* **EXERCISE BRIEF**:
Within the entries below, please return exactly the lines from the one with "Allen Integrated Solutions LLC logo" through the one with "Imagem 12 de", leaving out any pictures.

######

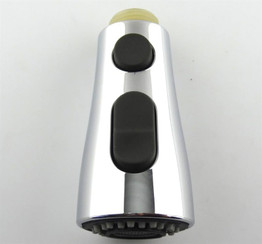 Kohler GSP1176882-Cp Spray Wand - Simplice Sprayhead - Polished Chrome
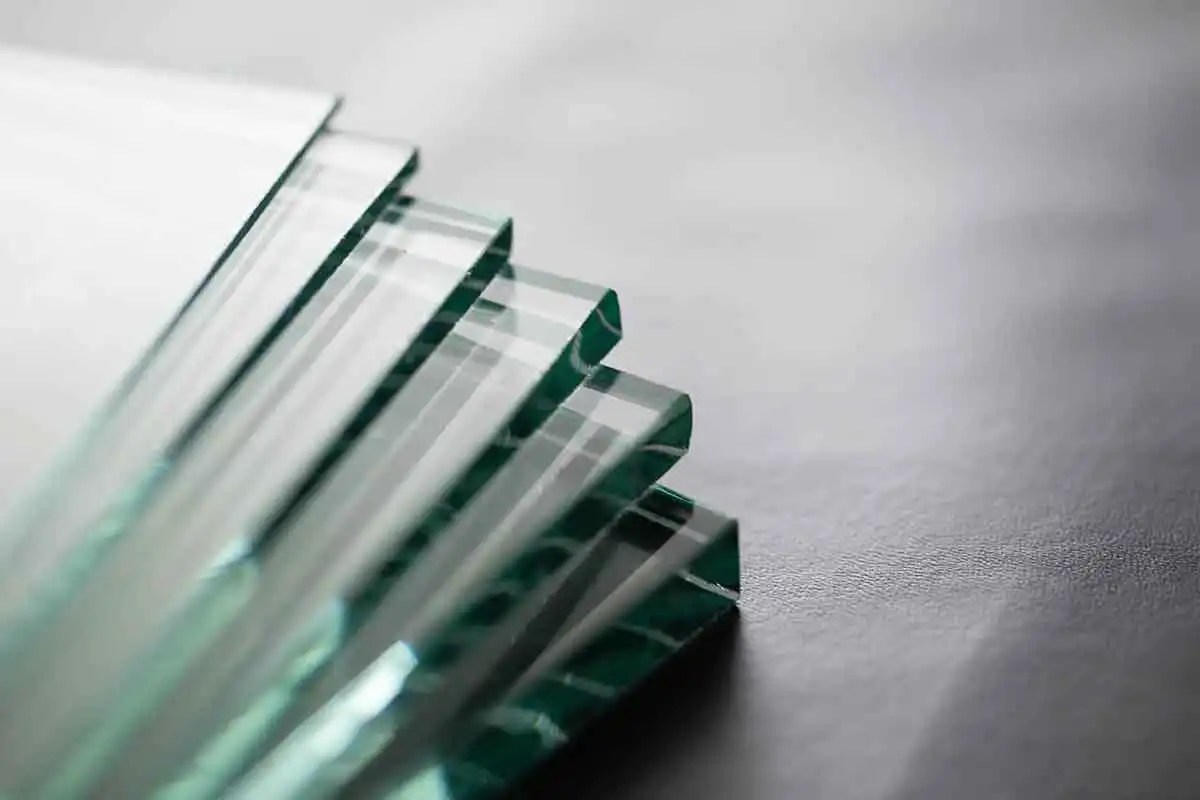 Why is Glass so Important? In 2022, Glass Receives the Recognition it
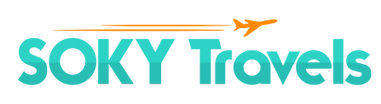 SOKY Travels
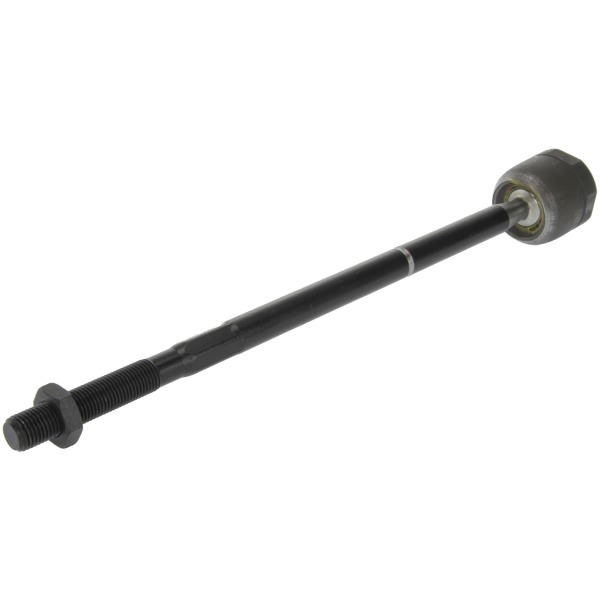 Centric Premium™ Front Inner Steering Tie Rod End 612.61147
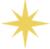 Allen Integrated Solutions LLC logo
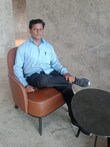 Chetan Pawar Pune, Maharashtra 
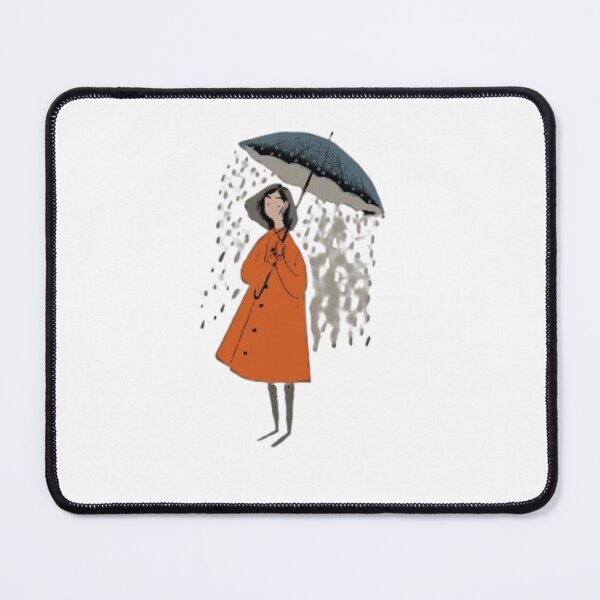 Item preview, cool mom designed and sold by Denis-david-art.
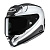 HJC Шлем RPHA12 Respon MC5 в Омске
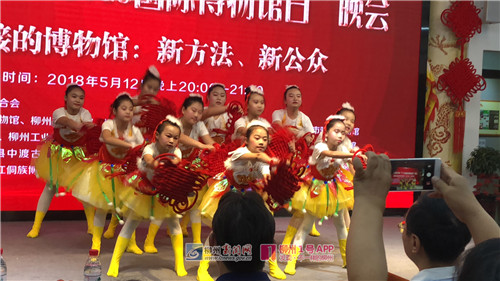 微信图片_20180512204720_副本.jpg 微信图片_20180512204720_副本.jpg
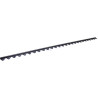 Demi-couteau HERDER 95710069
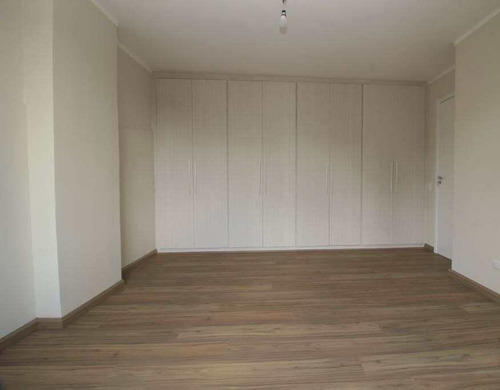 Imagem 12 de 22 de Apartamento Com 4 Dorms, Centro, Santo André - R$ 925 Mil, Cod: 1887 - V1887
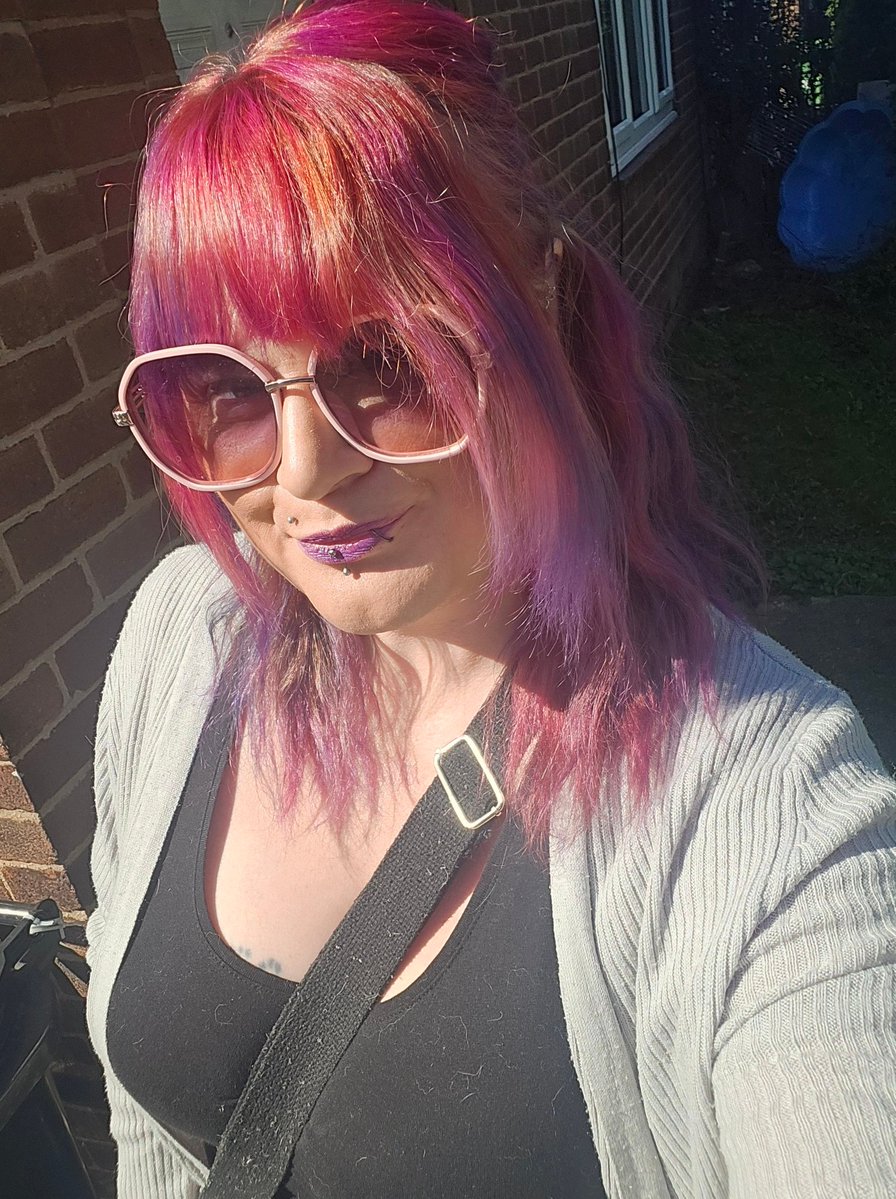 kaylee & daisy 🌼 (@borderline_babe) on Twitter photo 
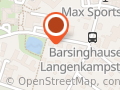 Tennisclub Rot-Weiß Barsinghausen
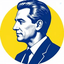Profile picture of ‌BlueMan‌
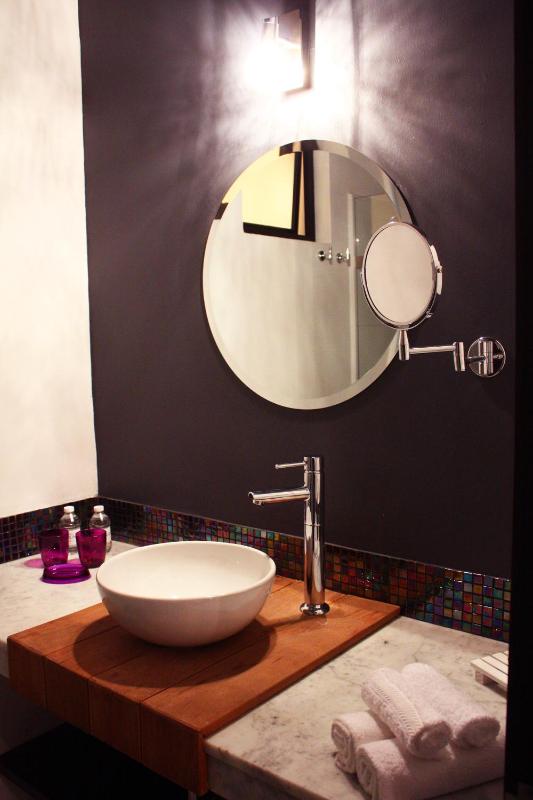 Casa Lunatta - image 7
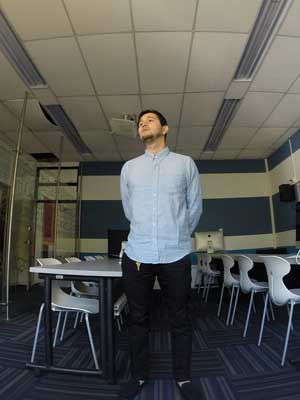 ddos在线攻击平台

######

* **ANSWER AREA**:
 Allen Integrated Solutions LLC logo
 Chetan Pawar Pune, Maharashtra 
 Item preview, cool mom designed and sold by Denis-david-art.
 HJC Шлем RPHA12 Respon MC5 в Омске
 微信图片_20180512204720_副本.jpg 微信图片_20180512204720_副本.jpg
 Demi-couteau HERDER 95710069
 Imagem 12 de 22 de Apartamento Com 4 Dorms, Centro, Santo André - R$ 925 Mil, Cod: 1887 - V1887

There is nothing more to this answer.